(What the task asks): For the entries that follow, produce an exact copy with no pictures in it.
========================
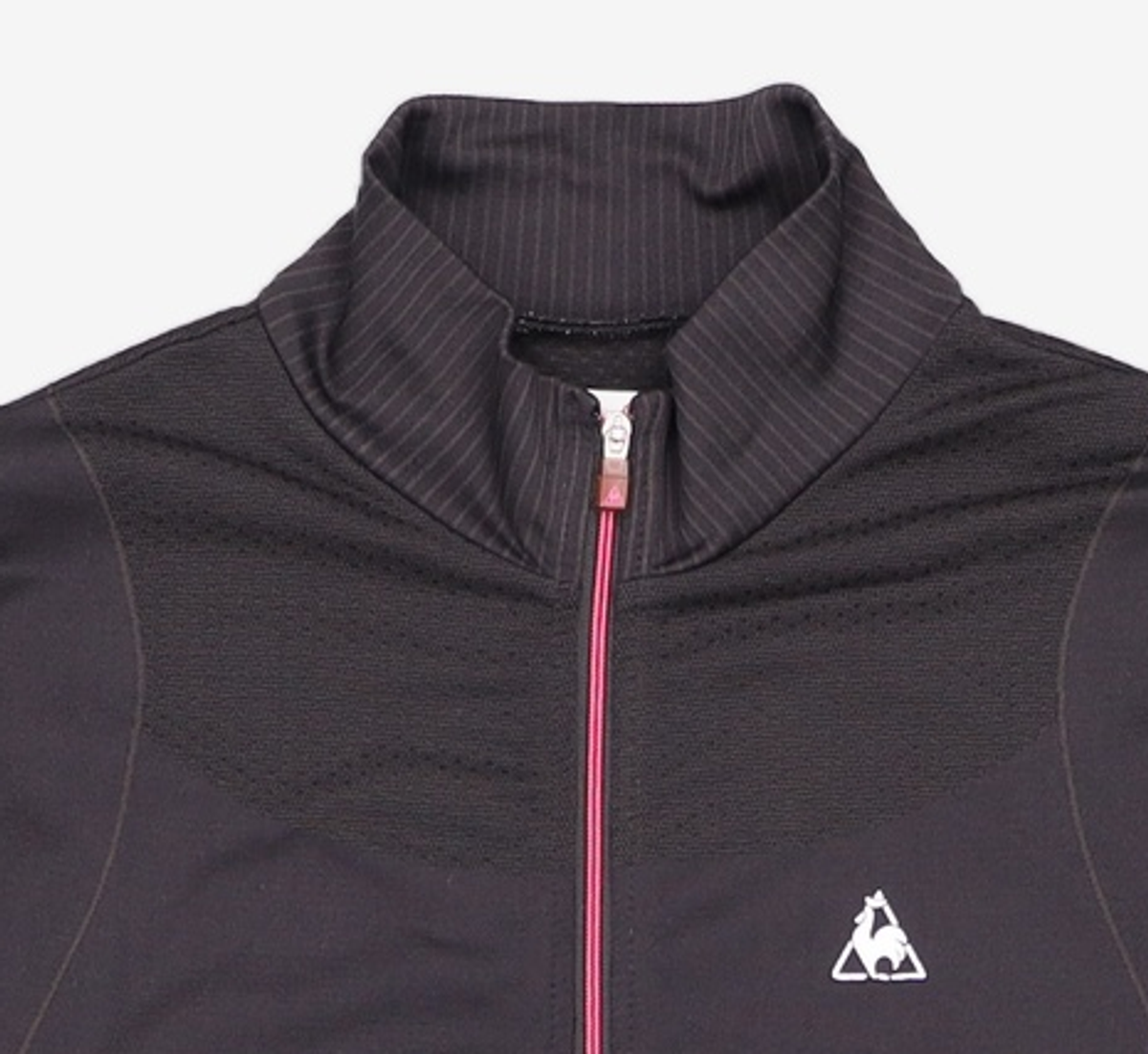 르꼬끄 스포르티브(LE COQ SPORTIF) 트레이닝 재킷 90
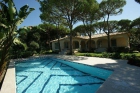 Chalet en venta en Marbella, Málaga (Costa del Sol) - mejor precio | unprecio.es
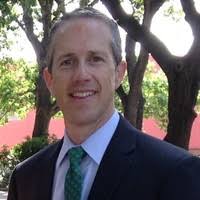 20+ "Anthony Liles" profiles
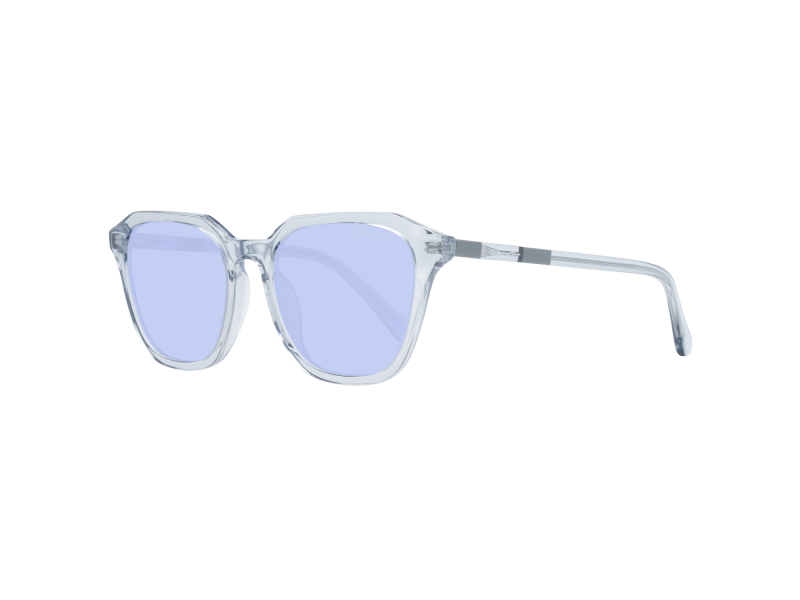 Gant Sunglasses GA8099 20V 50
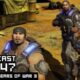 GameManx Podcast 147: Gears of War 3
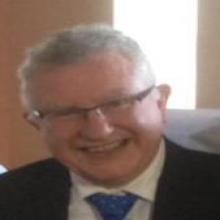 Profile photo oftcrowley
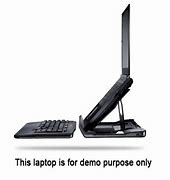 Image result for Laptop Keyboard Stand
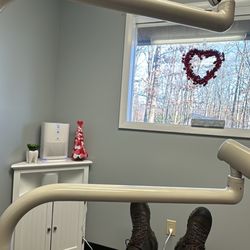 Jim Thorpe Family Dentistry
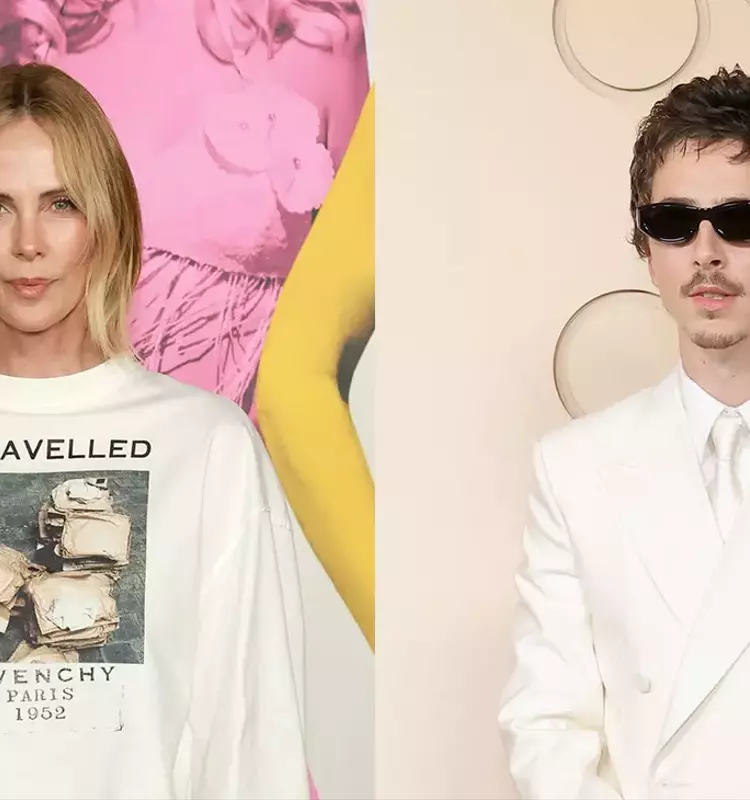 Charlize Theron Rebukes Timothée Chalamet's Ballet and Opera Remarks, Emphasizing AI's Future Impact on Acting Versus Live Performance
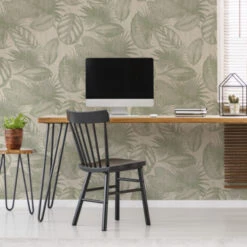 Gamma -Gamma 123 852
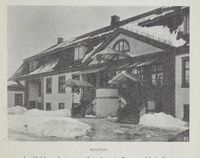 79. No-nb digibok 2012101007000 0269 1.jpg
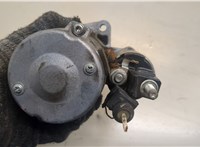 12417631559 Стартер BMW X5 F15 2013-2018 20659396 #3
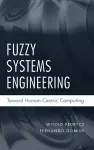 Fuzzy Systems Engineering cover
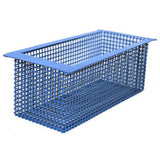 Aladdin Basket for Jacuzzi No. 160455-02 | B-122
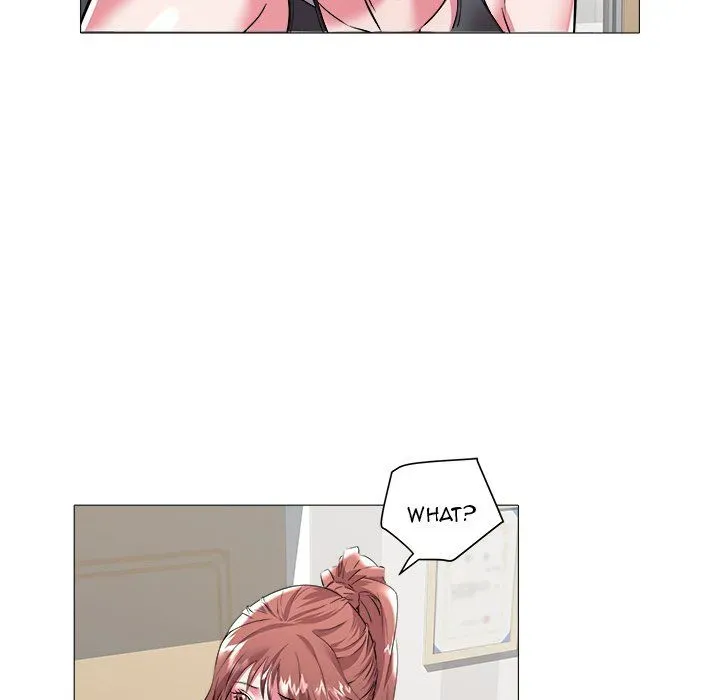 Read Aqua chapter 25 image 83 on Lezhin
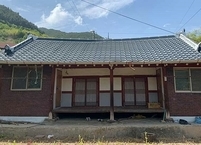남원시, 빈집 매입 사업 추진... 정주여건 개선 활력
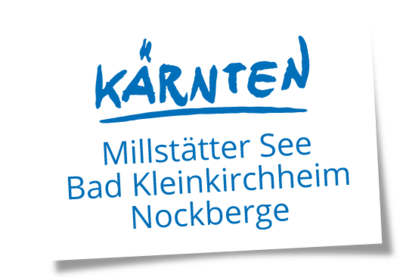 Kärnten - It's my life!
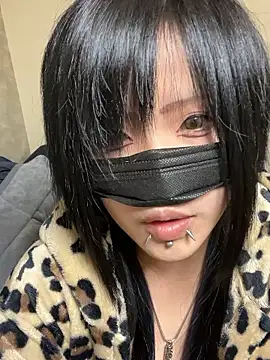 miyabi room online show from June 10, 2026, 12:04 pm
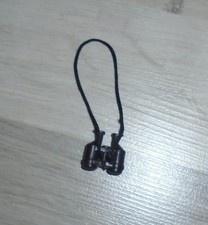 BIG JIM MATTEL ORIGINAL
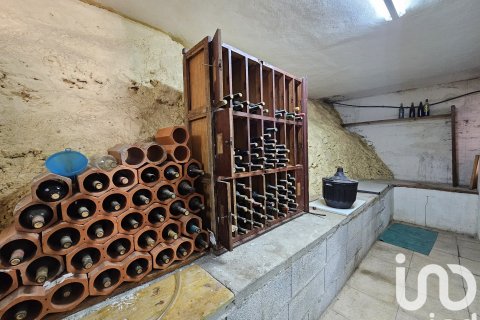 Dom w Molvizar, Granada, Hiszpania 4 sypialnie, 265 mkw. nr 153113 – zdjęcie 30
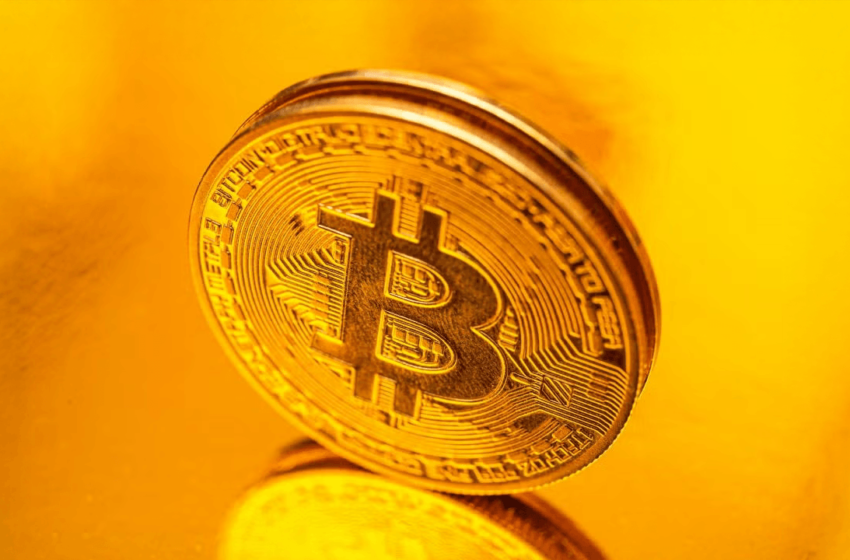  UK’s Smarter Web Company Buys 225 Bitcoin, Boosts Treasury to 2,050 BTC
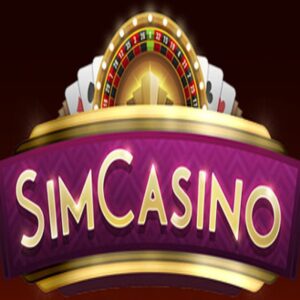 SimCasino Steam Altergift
========================
(Response for this exercise):
 르꼬끄 스포르티브(LE COQ SPORTIF) 트레이닝 재킷 90
 Chalet en venta en Marbella, Málaga (Costa del Sol) - mejor precio | unprecio.es
 20+ "Anthony Liles" profiles
 Gant Sunglasses GA8099 20V 50
 GameManx Podcast 147: Gears of War 3
 Profile photo oftcrowley
 Image result for Laptop Keyboard Stand
 Jim Thorpe Family Dentistry
 Charlize Theron Rebukes Timothée Chalamet's Ballet and Opera Remarks, Emphasizing AI's Future Impact on Acting Versus Live Performance
 Gamma -Gamma 123 852
 79. No-nb digibok 2012101007000 0269 1.jpg
 12417631559 Стартер BMW X5 F15 2013-2018 20659396 #3
 Fuzzy Systems Engineering cover
 Aladdin Basket for Jacuzzi No. 160455-02 | B-122
 Read Aqua chapter 25 image 83 on Lezhin
남원시, 빈집 매입 사업 추진... 정주여건 개선 활력
 Kärnten - It's my life!
 miyabi room online show from June 10, 2026, 12:04 pm
 BIG JIM MATTEL ORIGINAL
 Dom w Molvizar, Granada, Hiszpania 4 sypialnie, 265 mkw. nr 153113 – zdjęcie 30
  UK’s Smarter Web Company Buys 225 Bitcoin, Boosts Treasury to 2,050 BTC
 SimCasino Steam Altergift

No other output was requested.